Finnish writer/director/producer Aki Kaurismäki’s latest (a.k.a. Kuolleet Lehdet) is one of his sweetest comedic/dramatic character pieces, although there’s plenty of darkness here too.
Full of this filmmaker’s quietly eccentric, even peculiar humour, this is essentially a romantic tale, unlike his more recent socially conscious pics like Le Havre and The Other Side Of Hope. And yet there’s a serious jolt of scary politics here as well, with radios and TVs continually reporting on the endless horrors of the Russian invasion of Ukraine – and then being turned off.
Ansa (Alma Pöysti) works at a supermarket somewhere in Helsinki, and at night she goes home to her very Kaurismäki-esque one-room apartment, often to eat expired food. She’s talked into going to a karaoke bar, and there she catches the eye of Holappa (Jussi Vatanen), who has himself been dragged along by wannabe-ladies-man Hannes (funny Janne Hyytiäinen).
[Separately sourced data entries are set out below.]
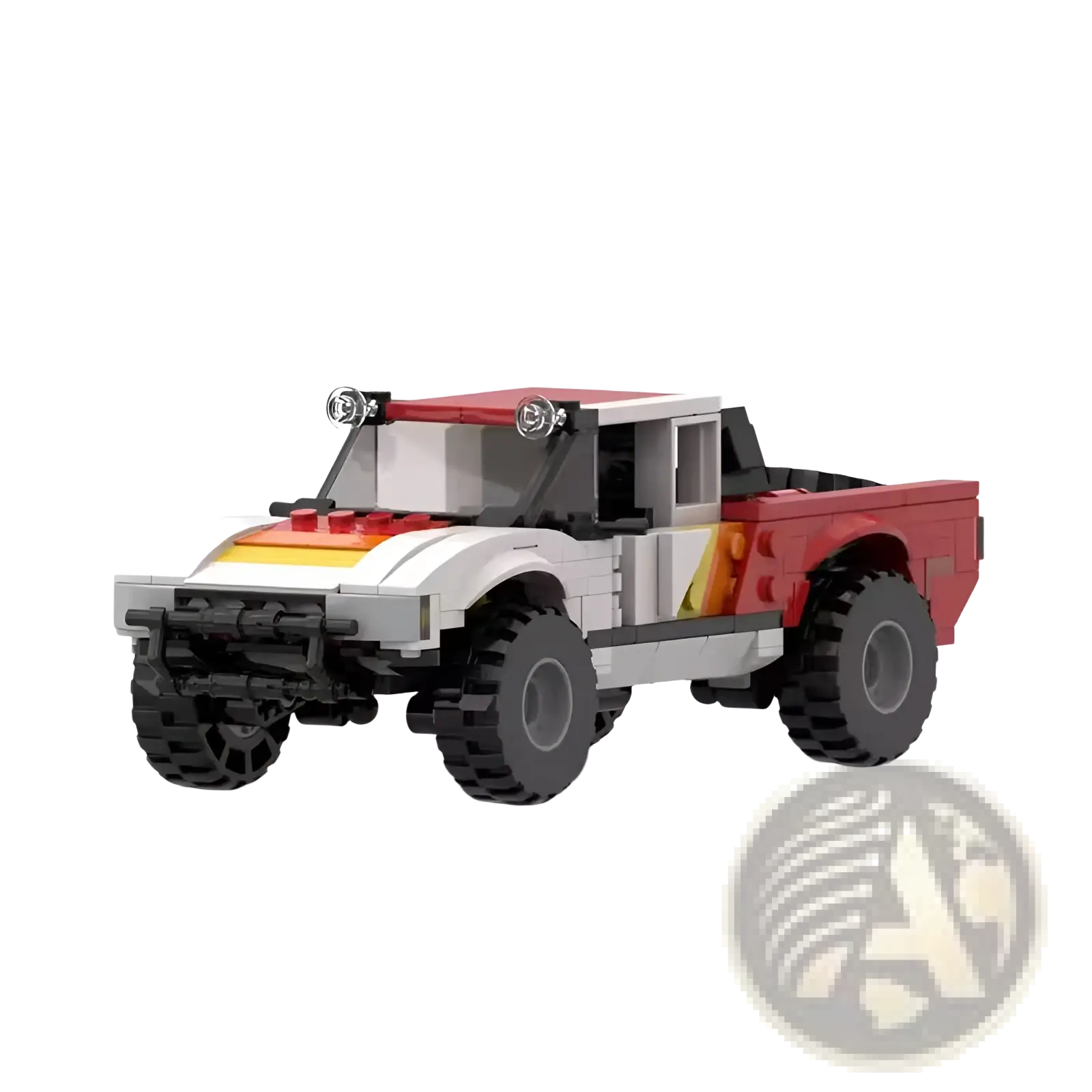 Red white and black lego off-road pickup truck building block toy with rugged design and 403 pieces shown from the back side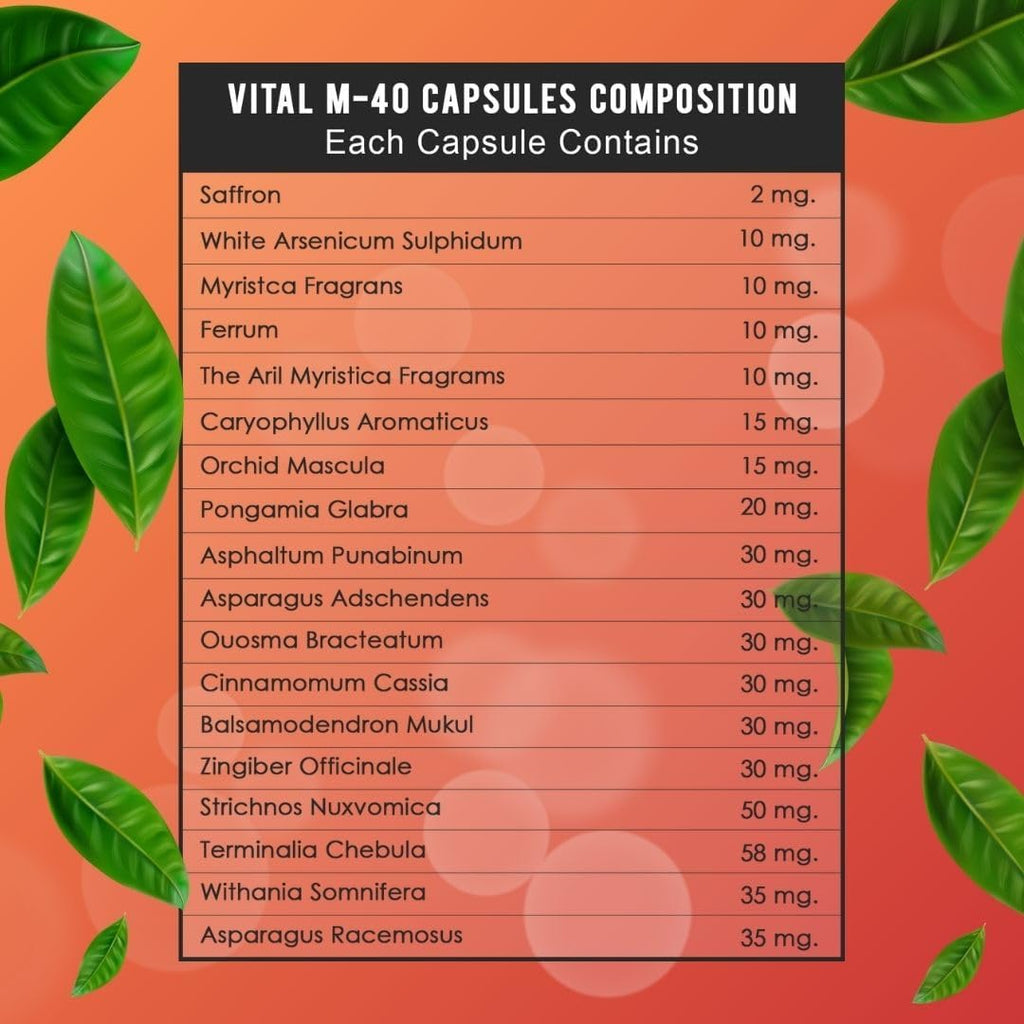 Vital M-40 Cápsulas para Hombre, 60 Cápsulas | Apoyo al Bienestar Masculino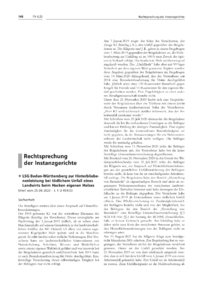 Dokument Rechtsprechung der Instanzgerichte
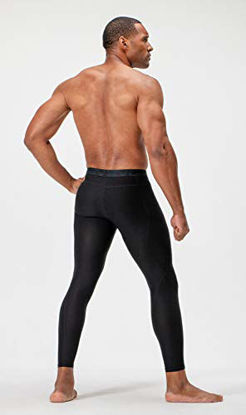 Picture of DEVOPS 2 Pack Men's Compression Pants Athletic Leggings (Small, Black/Black)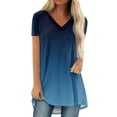 thumbnail image 2 of Summer Short Sleeve Tunic Long Tops for Women Trendy Plus Size Flowy Shirts Casual V Neck Smocked Floral Blouses 2024 Navy Fashionable top, 2 of 5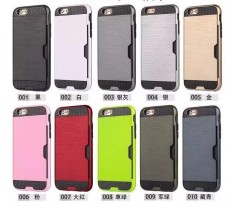 Kekuatan Luar Biasa Baru Anti Guncangan Pelindung Silikon Sarung Ramping Keras Buah untuk Fundas IPhone7 Iphone 6 6 S 7 Plus dompet Slot Pemegang Kartu Case Premium Mewah 11 Colors-Pink-S6 Sisi Plus-Internasional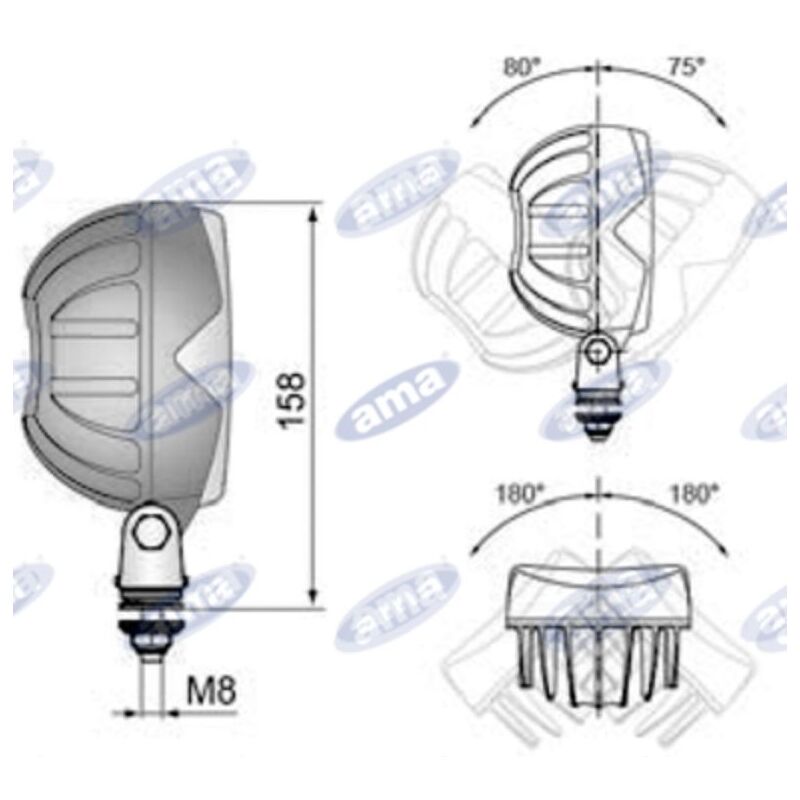 Faro lavoro LED 12-24V 18W 1500LM - Ricambi Agricoli : Vendita Online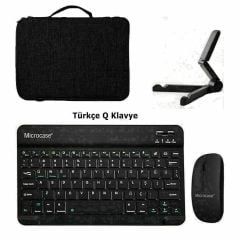 Microcase Lenovo Yoga Tab Plus 12.7 inch Tablet için Türkçe Bluetooth Klavye+Mouse+Tablet Standı-Siyah AL8126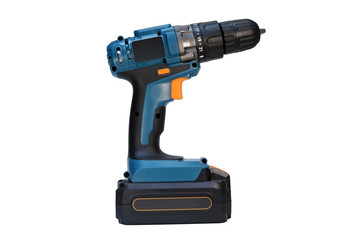 Cordless drill isolated.Electric screwdriver.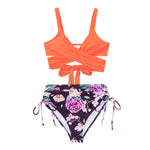 Floral Lace Up High Waist Bikini Sets Swimsuit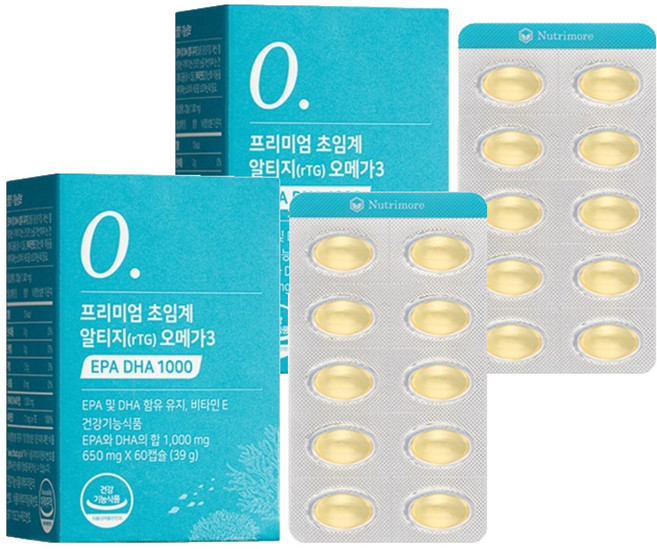 Premium超臨界rTG Omega-3膠囊, 60顆, 2盒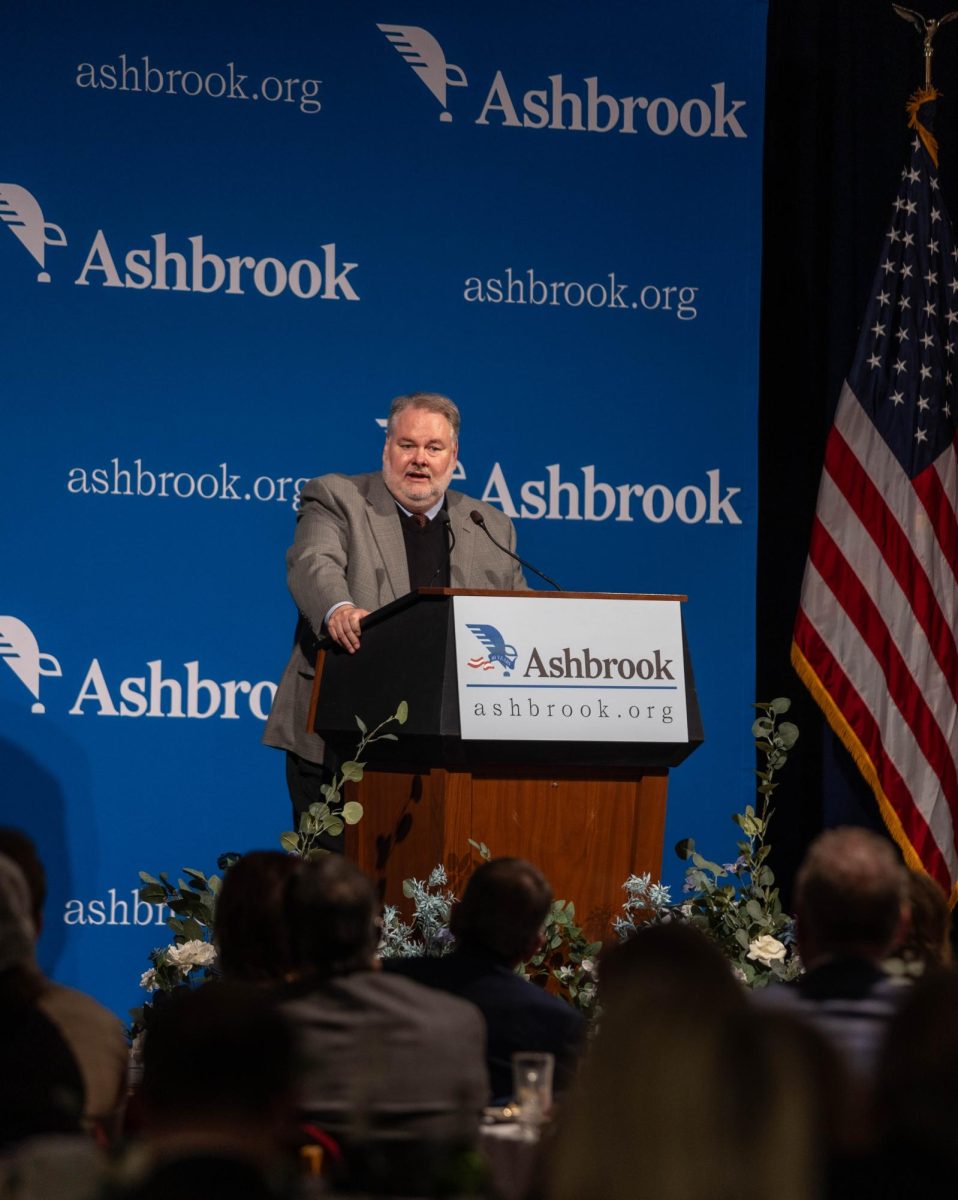 New Chairman of the Ashbrook Center, Senator Mark Romanchuk, on stage at the 36th annual John M. Ashbrook Memorial Dinner.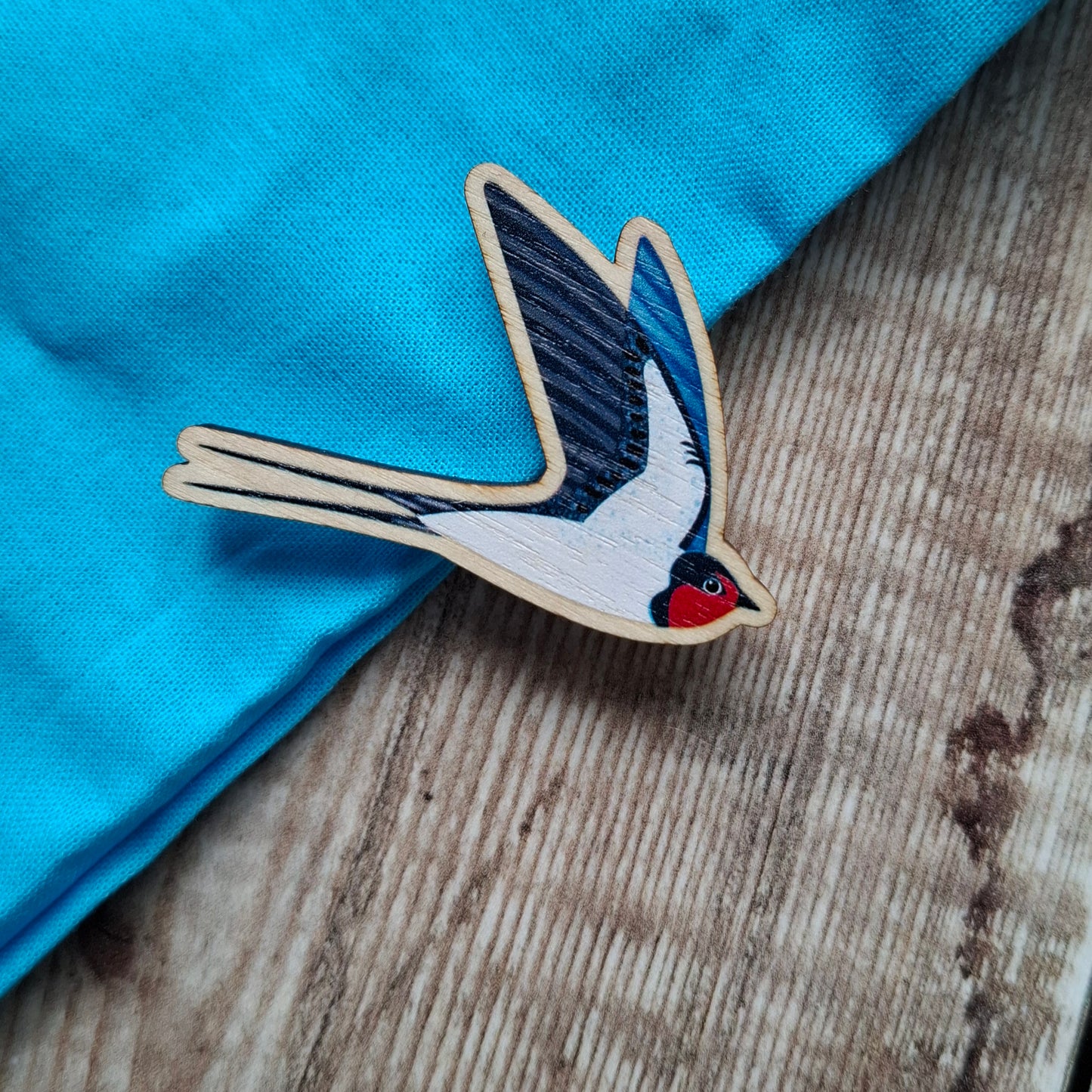 Swallow Wooden Brooch Pin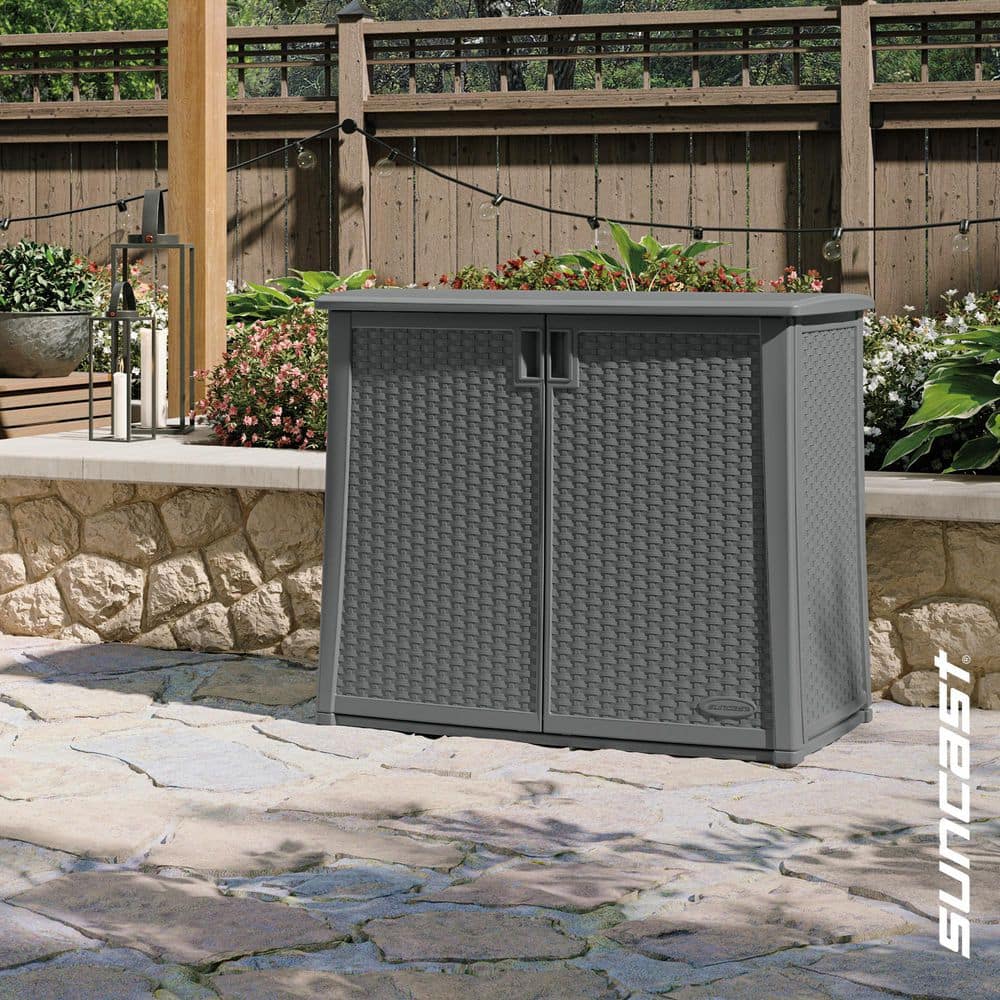Suncast 3 ft. 6 in. W x 1 ft. 11 in. D x 2 ft. 11.5 in. H Plastic Resin Outdoor  Storage Cabinet Shed in Cool Gray BMOC4100CG - The Home Depot, image size:1000x1000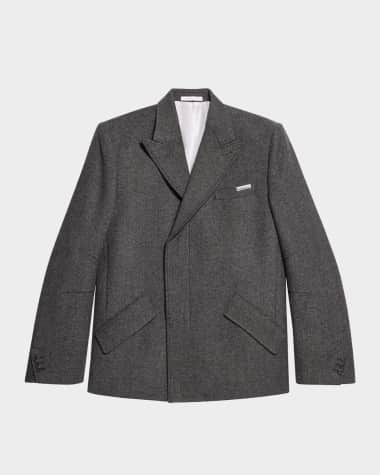 Helmut Lang Men’s Melange Wool Asymmetric Blazer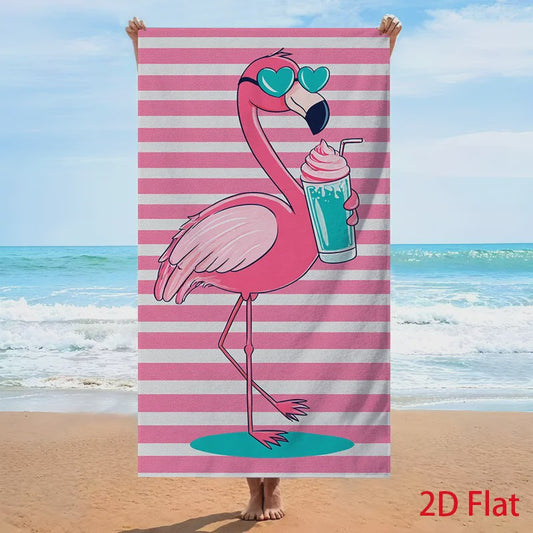 Flamingo Strandlaken - Sneldrogend Katoen met Roze Strepen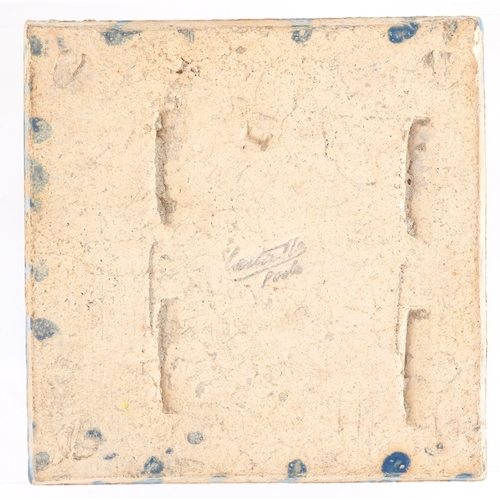 19 - Carter & Co., early 20th century Poole pottery maritime interest tile hand painted with an anchor an...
It seems as though Holappa will eventually ask Ansa on a date, but his life is very difficult, with a succession of grim jobs and an increasing (and understandable) fondness for booze.
When he finally does get around to taking Ansa out, they attend a screening of director Jim Jarmusch’s ‘meta’ zombie comedy The Dead Don’t Die, and this leads to lost phone numbers, awkward dinners, misunderstandings, rejection, disaster, and more. Much of the narrative is accompanied by old-school (pre-rock-and-roll?) Finnish tunes and covers (including a goofy version of Mambo Italiano), and everything is shot through with Aki’s distinctive stillness, with characters often forming melancholic near-freeze-frames.
And, continually, the bad news about the all-too-close war keeps on coming, as if we’re being asked over and over how anyone could possibly commence a real relationship while the world is in such a mess. But, well, it does very much feel like Ansa and Holappa truly deserve to be together and enjoy a little happiness because, in the end, they simply don’t have anything else.